[I wrote this for Gelman’s 365 Days in Statistical Lives project, but the Money in Politics Data Fest is tomorrow, and there is some small chance that this might be useful for someone. Excuse the flowery details. In one sentence: The FEC doesn’t officially have a public API, but they do have a publicly accessible API that you can figure out. Scroll down to code font to see an example.]
I work at NYU. My job title is Senior Data Services Specialist. Data Services is a collaboration between Division of Libraries and Information Technology Services, and what we do is support members of the university community, largely graduate students, in everything from “Where can I get some data?” to “How do I get this last graph to look right?”

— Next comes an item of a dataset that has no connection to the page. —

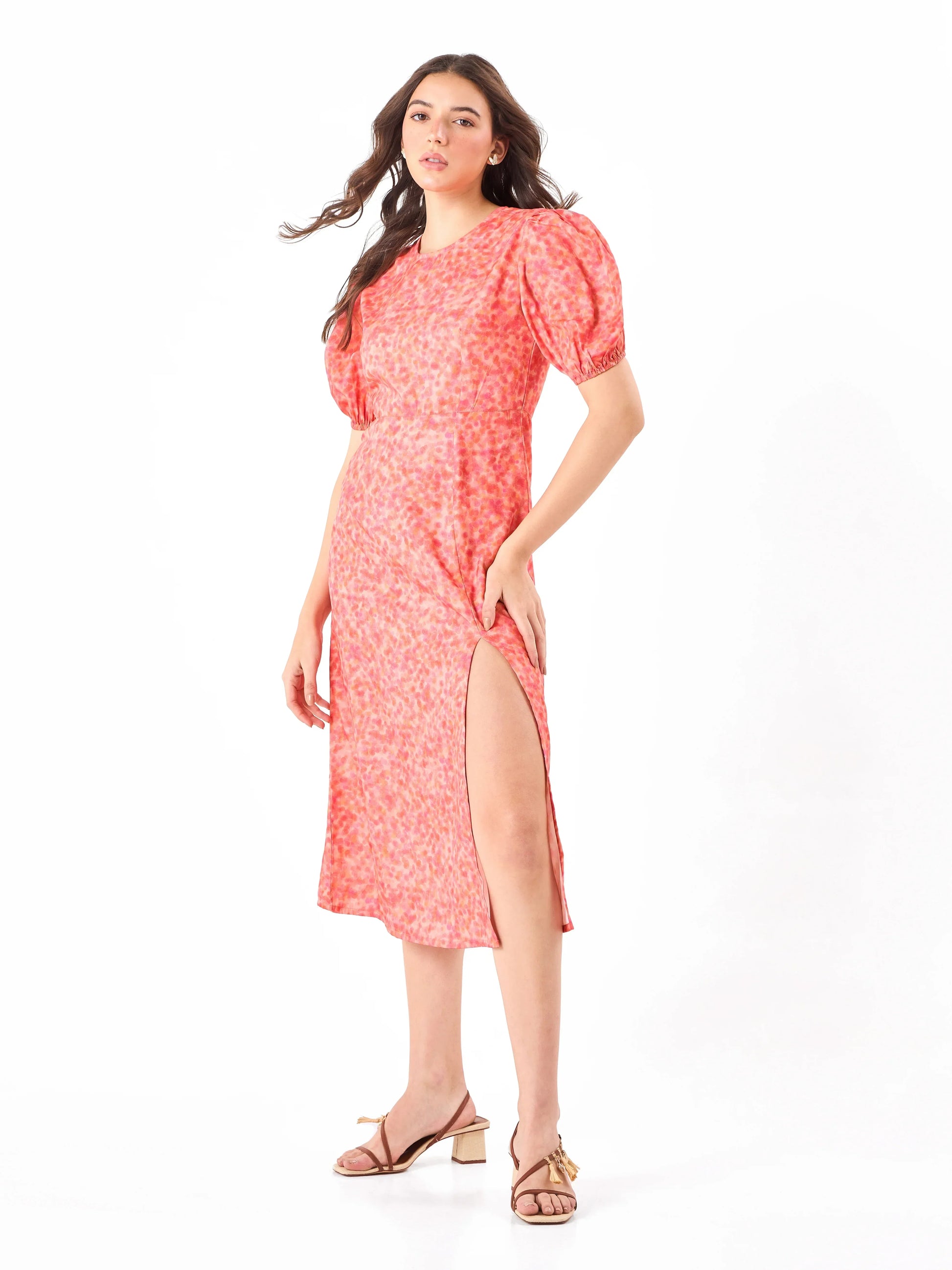 Female model wearing a split cut coral pink floral dress from Stylera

So we get an email from a PhD student in politics:
I would like to download data on campaign spending from the website of the Federal Election Commission, http://www.fec.gov/finance/disclosure/candcmte_info.shtml. I would like to download information on about 500 candidates for the House of Representatives, i.e. ca. 500 files. The files are under the category “Report Summaries” and should cover the “two-year period” labeled by “2010”. The files that I am looking for do not seem to be accessible through a single download. At the moment, the only way that I can download the information is therefore to enter the name of the candidate, e.g. “Akin” and download the information individually which takes a long time. Would you be able to help me to speed up this process, perhaps by writing a script which would download the files based on a list of candidates?

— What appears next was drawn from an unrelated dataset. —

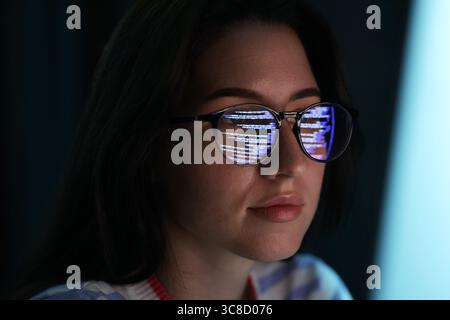 Young woman wearing glasses with reflection on dark background, closeup Stock Photo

My first thought, of course, is that he must be wrong. But I go and look, and sure enough there doesn’t seem to be a combined file for quite what he wants. What the heck, FEC?
Generally, our librarians can help people find existing data sets, and our specialists can help people use software for their analyses. Web scraping is not really part of anybody’s job description, but… maybe we do it now? I like the internet, so I decide to give it a try.

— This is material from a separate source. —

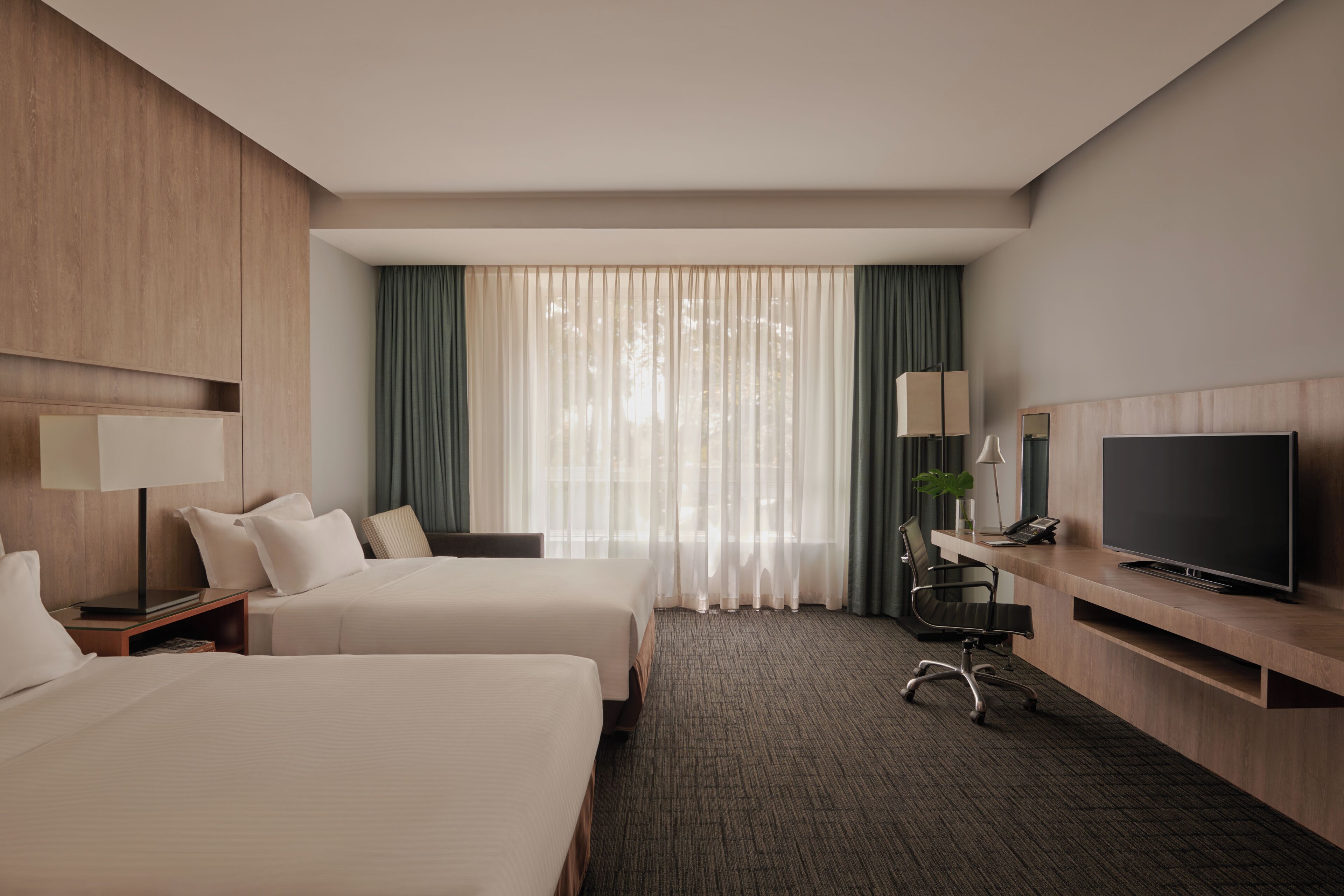 A hotel room with two beds, a desk with a TV, a lamp, and a chair.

curl -X POST -F "electionYr=2010" -F "candidateCommitteeId=H0MO02148" -F "format=csv" -F "electionYr0pt=2010" http://www.fec.gov/fecviewer/ExportCandidateCommitteeCurrentReport.do
Stick that in a little shell loop, and you can download all the files you want.
Time to meet with the patron. Of course he uses Windows, and after we wait for Cygwin to install, cURL is mysteriously unable to find a shared object file. Fine. We can use a lab machine, which does work. We get all the files downloading.
Then we have to figure out how to combine all the files together. The role of Data Services is really to help people do things themselves, not just do things for people completely. Teach a man to fish, Program or Be Programmed… The requester has worked a little bit in Python, with some help, to do similar things in the past, so that’s a possibility. It looks like he has Stata running on his laptop, and if he wants to use that I may have to hand him off to one of our Stata experts. But it turns out that he used R quite a lot while getting his Masters, so maybe we can use that.
Luckily for everyone, he’s reasonably competent with R and we’re able to start writing a script together that will loop through all the candidate IDs that he’s interested in and grab the data he needs from all the files. Of course the files aren’t 100% consistent in their format and contents, so there are some issues to work out. I get to teach him what grep is.
At this point, it looks like he’s going to be able to finish cleaning up his data and move on to his real focus – some sort of analysis that may shine light on the nature of politics in America. He may be the first person ever to do any sort of analysis with these particular numbers. At this point I can feel good about going to lunch.